August 5, 2015 - Only 29% of Peruvian adults have an account at a formal financial institution, according to the 2014 Global Findex. This despite the fact that the Global Microscope places Peru as the country with the best enabling environment for microfinance and financial inclusion.
To close this gap, Peru is stepping up its commitment to financial inclusion.
In July 2015, the country launched a National Financial Inclusion Strategy, which commits the government to ensuring that at least 75% of adults have access to a transaction account by 2021.
Why does financial inclusion matter? With no access to formal financial services it’s difficult for people to build up savings or buy insurance, which makes households more vulnerable to potential risks and shocks. Also, small businesses find it difficult to build assets or obtain financing to increase productivity, expand or hire more people.
Financial inclusion is among the World Bank Group's top priorities to end extreme poverty and boost shared prosperity, since financial access underpins inclusive economic growth and enables people to have more control over their finances.
Ensuring adults have access to a transaction account as a first step toward financial inclusion, where people can make use of appropriate financial services, including savings, payments, credit and insurance, is the cornerstone of the World Bank Group’s goal to achieve Universal Financial Access (UFA) by 2020, which calls for providing financial access for the remaining 2 billion unbanked adults worldwide.
Financial inclusion has also been identified as one of the UN’s Sustainable Development Goals, a set of targets that will guide the international development agenda over the next decade.
Peru is one of the 25 priority countries where the World Bank Group is focusing its financial inclusion efforts.
The country’s National Financial Inclusion Strategy is a significant step up toward this goal, and is in line with the World Bank Group’s UFA2020 vision.

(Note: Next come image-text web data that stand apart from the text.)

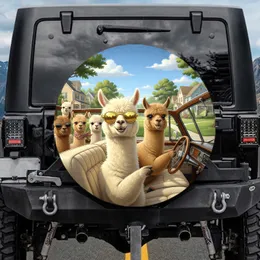 Happy Alpacas Driving Car Yellow Sunglasses Road Trip Journey Alpaca Lover Gift Spare Tire Cover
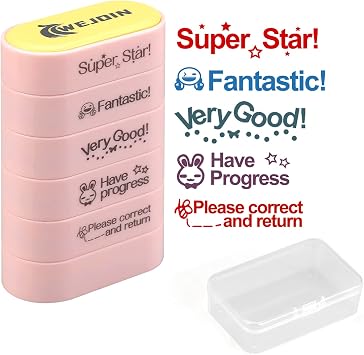 Teacher Stamps Set, Cute Pre-Inked Teachers Motivation Stamp for Grading, Super Star & Correct Return 5 Kits Encourage Stamps, Office Stationery Stampers Supplies for Students Homework.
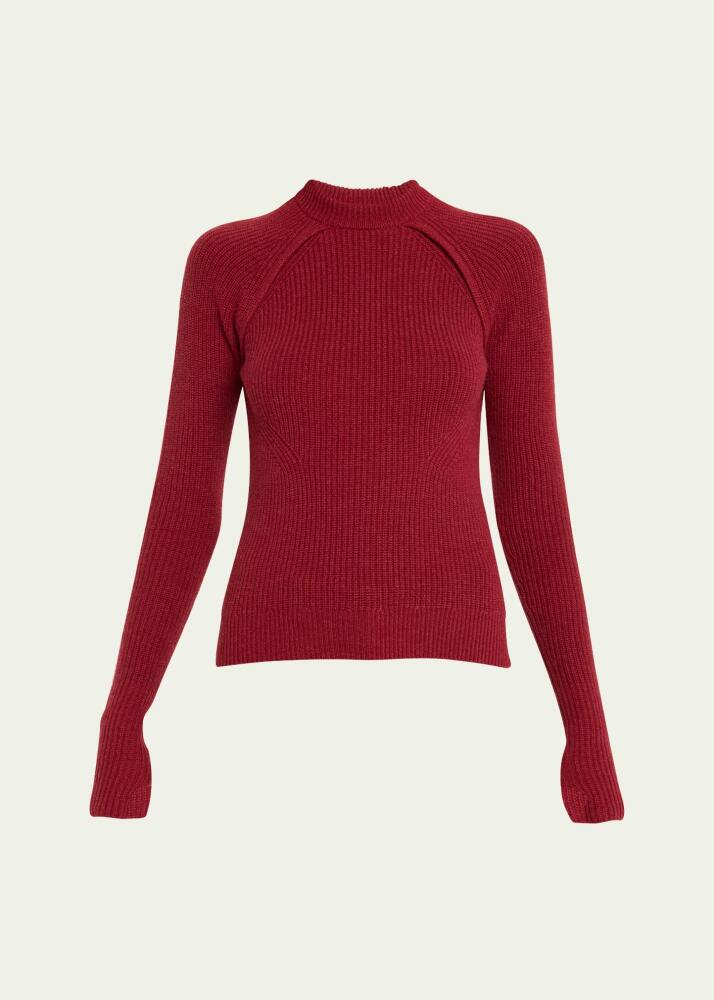 SaSuPhi Marine Thumbhole Ribbed Cashmere Sweater Cover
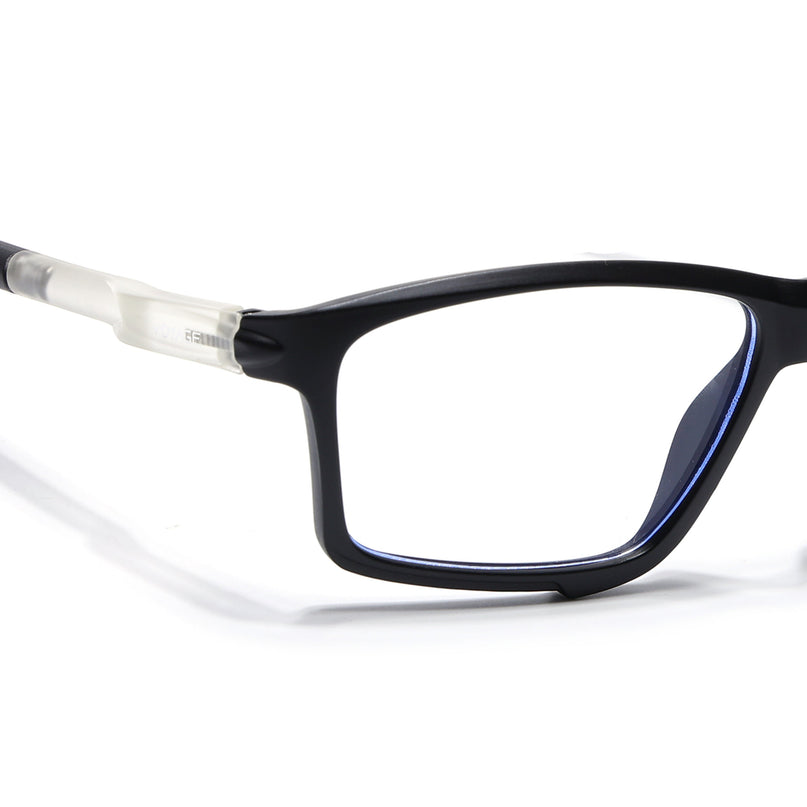 Voyage Active Black Rectangle Eyeglasses for Men & Women - MG5685-C3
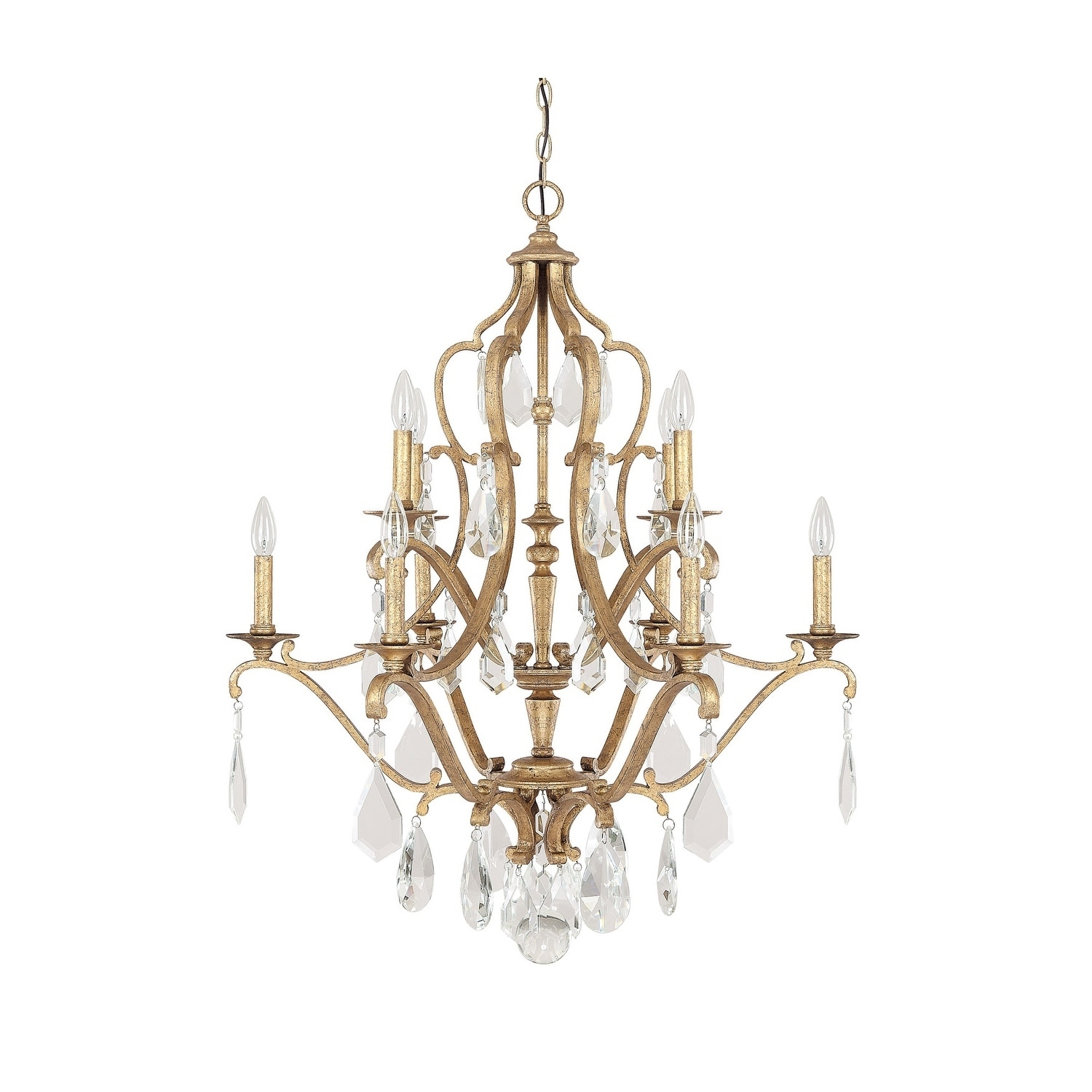 Blakely 10-light Antique Gold/Crystal Chandelier - Chandeliers For Bedrooms by Overstock.com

Research also shows that countries that have invested in devising and implementing a national financial inclusion strategy (NFIS) have been more successful and effective in reaching set targets. On average, there is a 10% increase in the percentage of adults with an account at a formal financial institution for countries that launched an NFIS after 2007, whereas the increase is only 5% for those countries that have not launched an NFIS.
Peru escalated its commitment toward financial access in early 2014 with the establishment of a Multisectoral Financial Inclusion Commission to coordinate efforts among relevant stakeholders. With the World Bank’s support, the Commission then designed and formulated the country’s National Financial Inclusion Strategy. The strategy is the result of extensive engagements and consultations with government agencies and private sector stakeholders.